Dimensionality: The impact of high-dimensional context \(d_\xi\) (potential exponential growth in basis dimension) is tucked away in the poly items and needs further discussion.
Scale: Experiments are on a smaller scale (MNIST, small networks). Performance in high-dimensional real-world Federated Learning or RLHF remains to be seen.

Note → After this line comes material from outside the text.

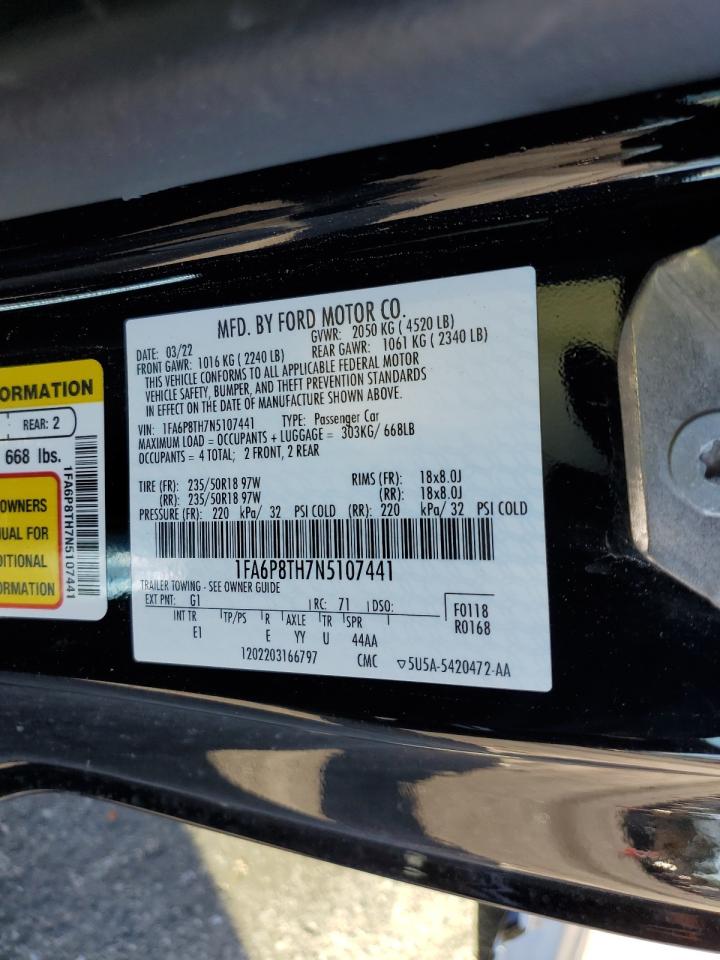 2022 FORD MUSTANG VIN:1FA6P8TH7N5107441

vs Hu et al. (2023b) (CSBO + MLMC): They rely on MLMC but solve lower-level problems per sample without warm starts and require conditional sampling. Ours merges subproblems, uses joint sampling, and improves complexity to \(\tilde O(\epsilon^{-3})\).
vs Guo et al. (2021) (Discrete CSBO): Their complexity scales linearly with the number of contexts \(m\). Ours is independent of \(m\) and handles continuous contexts unifiedly.
vs Contextual Optimization (CO) / NN Proxies: Our approach uses a structural linear policy (boosted by non-linear basis \(\Phi\)). Unlike NN proxies, classical orthogonal polynomials provide interpretable and provably tight error bounds.
Insight: When the complexity of a hard optimization problem arises from the coupling of two variables via an implicit solution, "structural parameterization" can often explicitize the dependence, reducing the problem to a standard form with known efficient solvers.

Rating¶

Novelty: ⭐⭐⭐⭐⭐ Links classical approximation theory to CSBO to achieve a clean framework and order-of-magnitude complexity reduction.
Experimental Thoroughness: ⭐⭐⭐ Solid theory, but numerical scales are relatively small; high-dimensional real-world verification is limited.
Writing Quality: ⭐⭐⭐⭐⭐ Logical progression from motivation to reduction, complexity metrics, and concrete bases with clear theorems.
Value: ⭐⭐⭐⭐ Provides a plug-and-play, conditional-sampling-free tool for contextual bilevel optimization with significant theoretical weight.